The year was not without its challenges, but I enjoyed it. At night while eating dinner with my family and sharing stories of our day, the group affectionately became known as “the bad kids” by my four-year-old daughter. And by the standards of school, that’s what they were. They were always in trouble. They swore. They fought. They were late to class (if they even bothered to come to school in the first place).
Last Tuesday, we loaded the group onto a school bus and headed to a nearby state park for a field trip. We spent the day geocaching, fishing (yes, we let the “bad kids” handle sharp hooks), and cooking hotdogs. And you know what? It was the best field trip I have ever been on. The kids were an absolute delight. They were patient while we bushwhacked our way through the woods in search of hidden caches. They were supportive of each other while fishing – taking turns with the poles and helping each other get their catches off the line. We even let one girl who aspires to attend culinary school someday man the grill and cook for us.

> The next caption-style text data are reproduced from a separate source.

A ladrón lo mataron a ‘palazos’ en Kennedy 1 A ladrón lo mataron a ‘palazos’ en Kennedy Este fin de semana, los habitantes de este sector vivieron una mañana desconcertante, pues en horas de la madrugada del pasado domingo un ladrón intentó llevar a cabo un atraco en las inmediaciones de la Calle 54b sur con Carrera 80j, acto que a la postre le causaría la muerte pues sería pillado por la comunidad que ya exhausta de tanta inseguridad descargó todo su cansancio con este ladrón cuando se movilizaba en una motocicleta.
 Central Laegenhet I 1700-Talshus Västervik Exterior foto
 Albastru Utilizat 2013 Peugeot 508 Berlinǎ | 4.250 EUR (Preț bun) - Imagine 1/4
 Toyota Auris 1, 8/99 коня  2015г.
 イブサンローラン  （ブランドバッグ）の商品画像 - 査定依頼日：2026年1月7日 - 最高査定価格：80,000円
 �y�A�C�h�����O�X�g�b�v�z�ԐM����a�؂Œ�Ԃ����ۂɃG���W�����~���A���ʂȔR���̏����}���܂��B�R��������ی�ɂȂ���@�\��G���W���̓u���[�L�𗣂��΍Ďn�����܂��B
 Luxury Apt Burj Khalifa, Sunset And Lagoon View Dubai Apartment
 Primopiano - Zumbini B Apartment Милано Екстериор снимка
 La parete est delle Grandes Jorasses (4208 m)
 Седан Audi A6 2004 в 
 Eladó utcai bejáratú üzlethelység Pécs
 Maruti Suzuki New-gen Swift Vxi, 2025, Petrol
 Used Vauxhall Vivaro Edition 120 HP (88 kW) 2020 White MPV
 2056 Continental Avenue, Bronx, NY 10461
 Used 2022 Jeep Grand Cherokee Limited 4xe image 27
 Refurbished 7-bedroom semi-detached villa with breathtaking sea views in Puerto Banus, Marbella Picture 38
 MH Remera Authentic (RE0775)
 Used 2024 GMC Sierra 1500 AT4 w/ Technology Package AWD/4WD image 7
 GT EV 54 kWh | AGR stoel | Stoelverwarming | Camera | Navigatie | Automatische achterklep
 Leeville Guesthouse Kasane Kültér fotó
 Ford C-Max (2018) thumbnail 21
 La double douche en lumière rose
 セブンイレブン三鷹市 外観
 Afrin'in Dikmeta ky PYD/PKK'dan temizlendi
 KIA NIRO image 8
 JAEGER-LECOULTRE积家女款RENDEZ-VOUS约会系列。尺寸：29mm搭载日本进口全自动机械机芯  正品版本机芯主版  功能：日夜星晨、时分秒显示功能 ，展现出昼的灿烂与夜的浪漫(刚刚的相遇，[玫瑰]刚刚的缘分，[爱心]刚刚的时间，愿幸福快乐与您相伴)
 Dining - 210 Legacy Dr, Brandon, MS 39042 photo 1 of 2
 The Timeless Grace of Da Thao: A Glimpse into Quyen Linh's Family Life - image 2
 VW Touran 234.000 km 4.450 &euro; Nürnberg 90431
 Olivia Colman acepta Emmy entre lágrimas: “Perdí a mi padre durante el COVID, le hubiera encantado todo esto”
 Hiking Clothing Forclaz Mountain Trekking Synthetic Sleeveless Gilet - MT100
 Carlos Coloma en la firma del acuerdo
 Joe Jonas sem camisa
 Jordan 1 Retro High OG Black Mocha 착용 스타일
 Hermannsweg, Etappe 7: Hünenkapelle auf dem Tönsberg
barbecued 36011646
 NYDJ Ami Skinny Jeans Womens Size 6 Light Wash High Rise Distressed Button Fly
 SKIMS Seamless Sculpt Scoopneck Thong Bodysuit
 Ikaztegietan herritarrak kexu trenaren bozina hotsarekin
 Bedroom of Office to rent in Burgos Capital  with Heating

While playing Kanjam with the group, one of the kids joked that he never realized that his teachers were actually normal people who fish and play games, and eat hotdogs. I don’t think he realized how insightful the comment was. Because it wasn’t until that moment that I realized that this wasn’t a group of bad kids. It wasn’t a group of at-risk, attendance problems. It was just a group of kids.
So what if they aren’t good at school. That doesn’t mean they aren’t smart.